| What you will do |
Images in the data are to be skipped, while every line is restated exactly as written.

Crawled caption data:
..............................
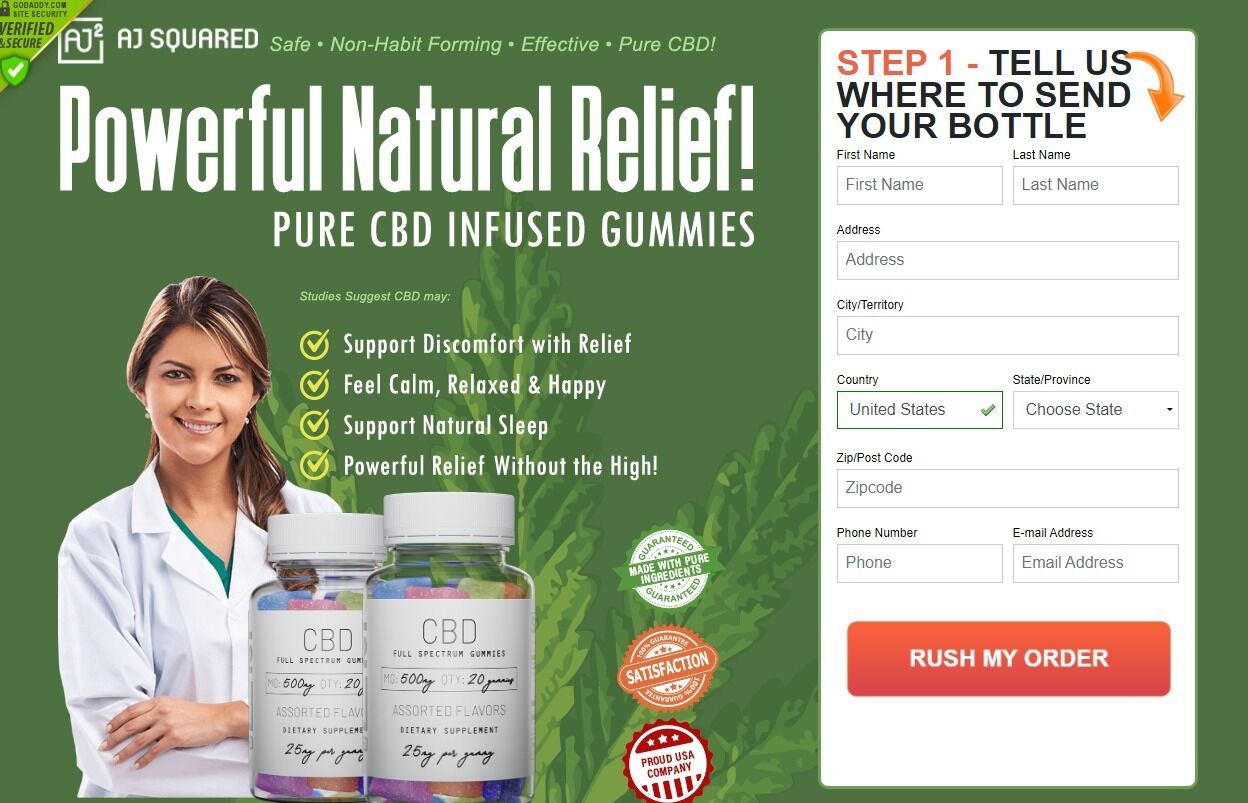 aj-squared-cbd-gummies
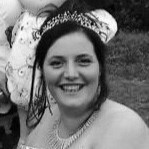 Gemma Pledger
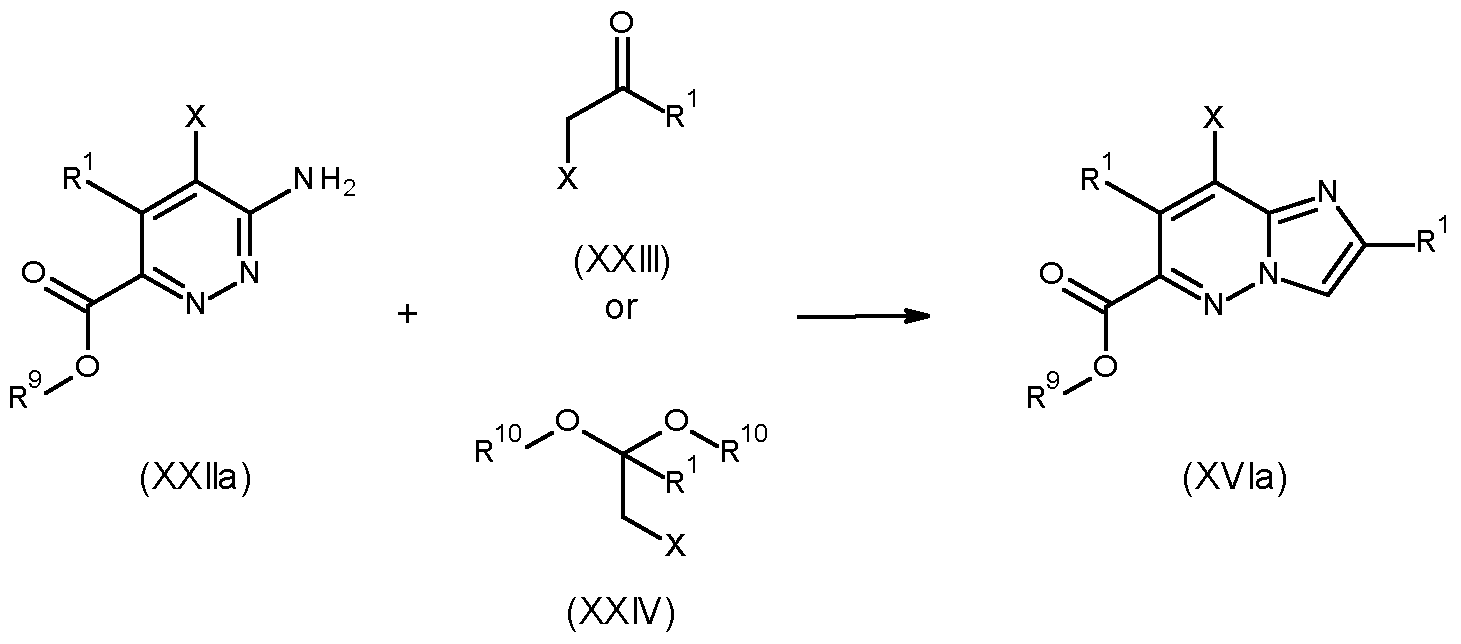 Figure imgf000080_0001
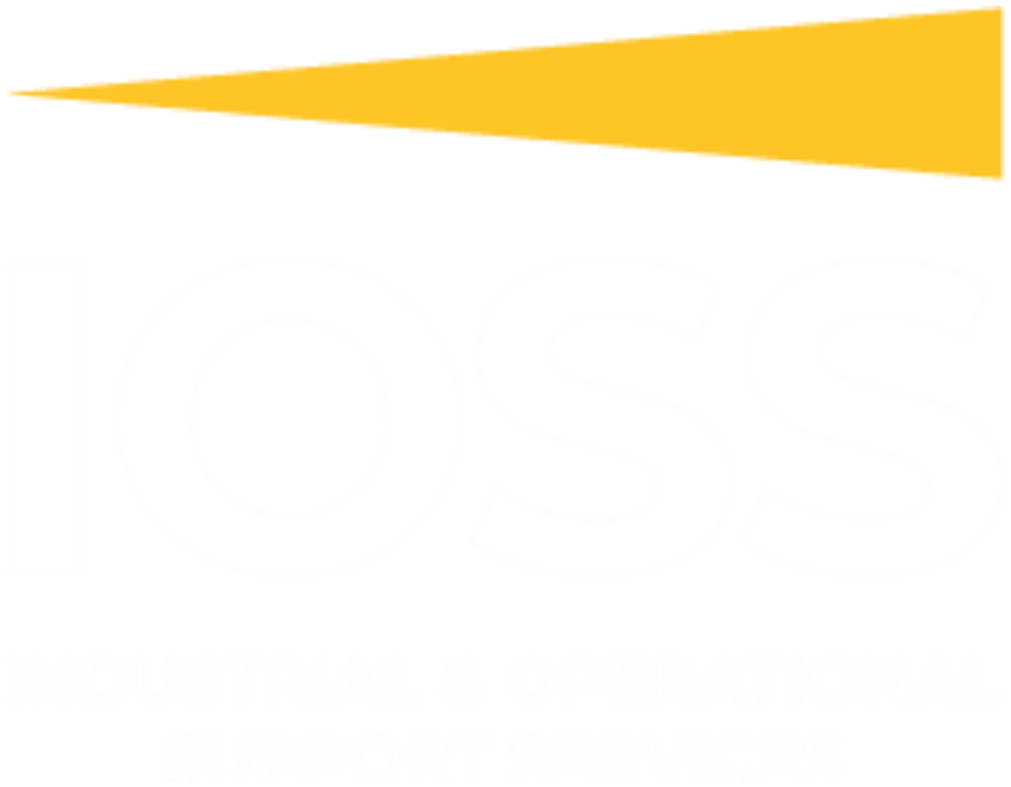IOSS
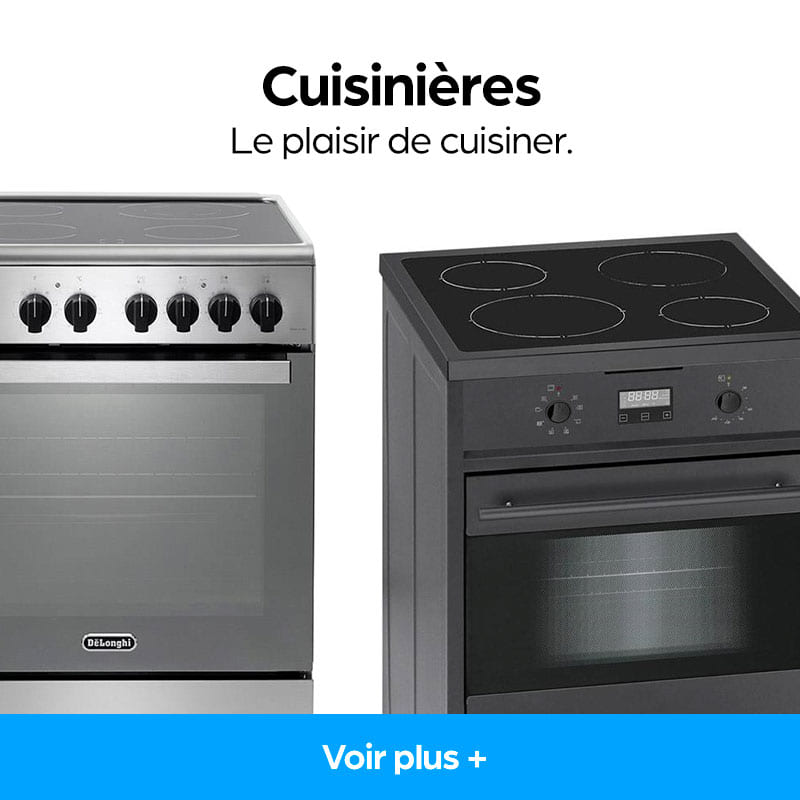 banner-campanha1-mobile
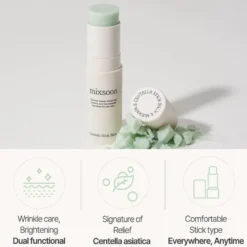 Centella Stick Balm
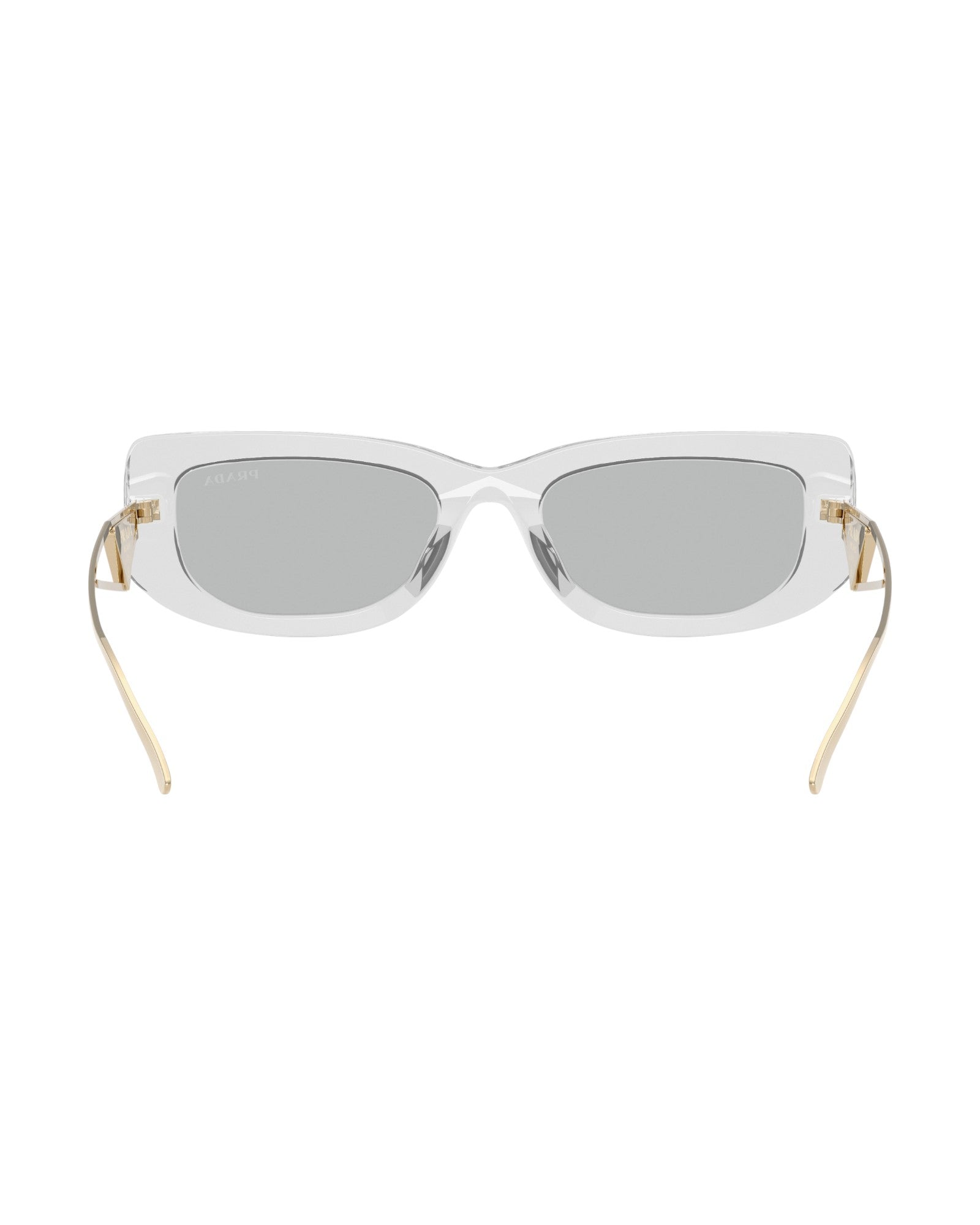 Prada Gafas De Sol SPR14Y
..............................
| Expected output |
 aj-squared-cbd-gummies
 Gemma Pledger
 Figure imgf000080_0001
IOSS
 banner-campanha1-mobile
 Centella Stick Balm
 Prada Gafas De Sol SPR14Y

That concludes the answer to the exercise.